Working data>
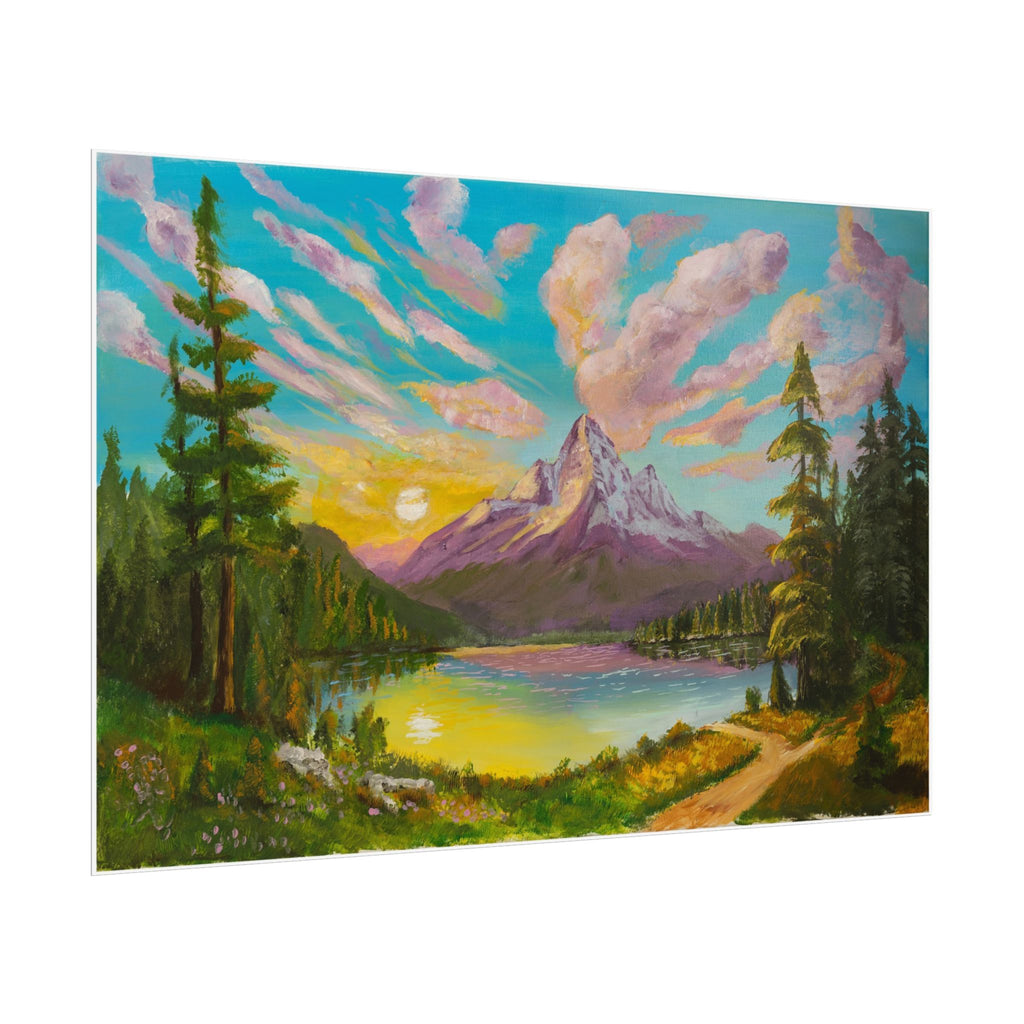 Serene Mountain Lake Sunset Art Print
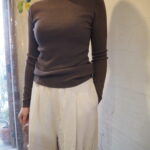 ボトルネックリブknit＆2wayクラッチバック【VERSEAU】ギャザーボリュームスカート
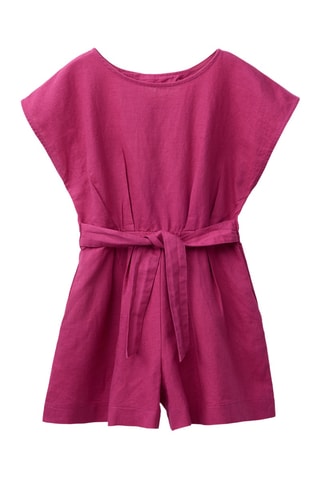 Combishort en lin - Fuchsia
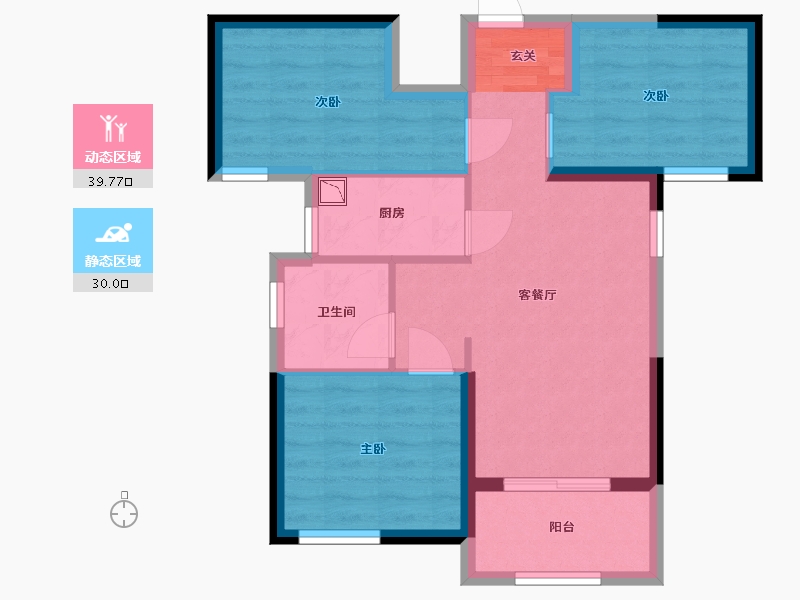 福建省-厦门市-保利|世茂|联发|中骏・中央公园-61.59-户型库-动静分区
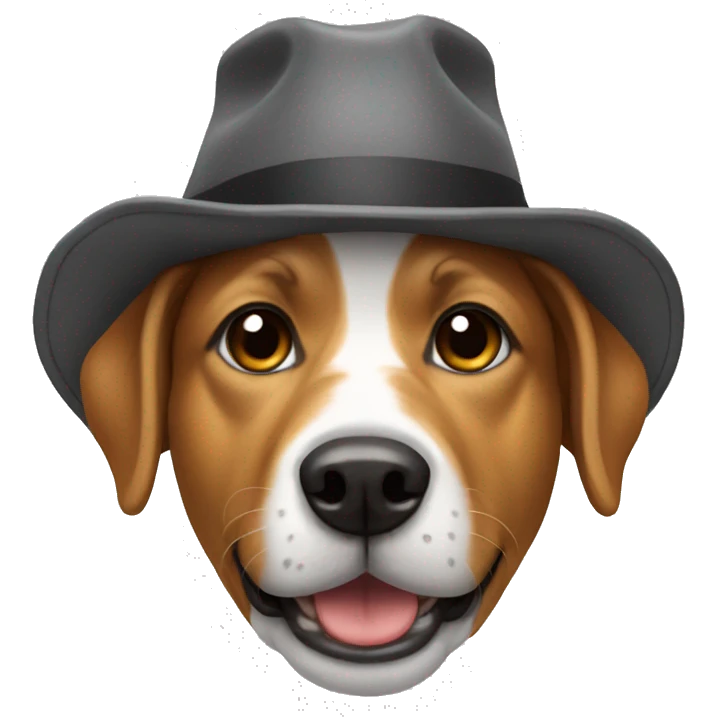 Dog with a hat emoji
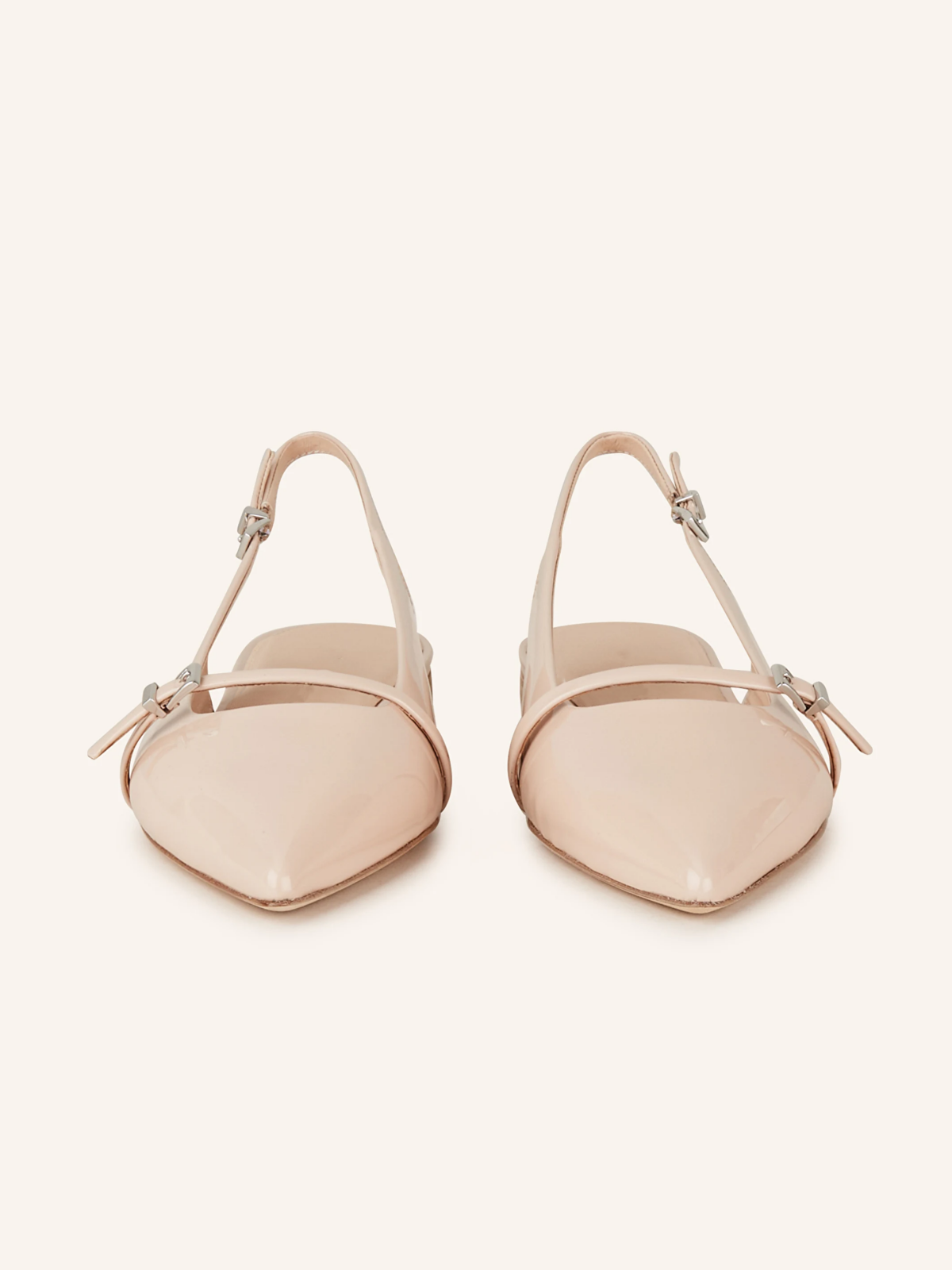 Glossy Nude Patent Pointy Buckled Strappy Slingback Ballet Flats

Exercise> A verbatim copy is needed of the lines running from the line with "Combishort en lin - Fuchsia" to the end of the data above, both included. Keep the pictures out of it.

Output>
 Combishort en lin - Fuchsia
 福建省-厦门市-保利|世茂|联发|中骏・中央公园-61.59-户型库-动静分区
 Dog with a hat emoji
 Glossy Nude Patent Pointy Buckled Strappy Slingback Ballet Flats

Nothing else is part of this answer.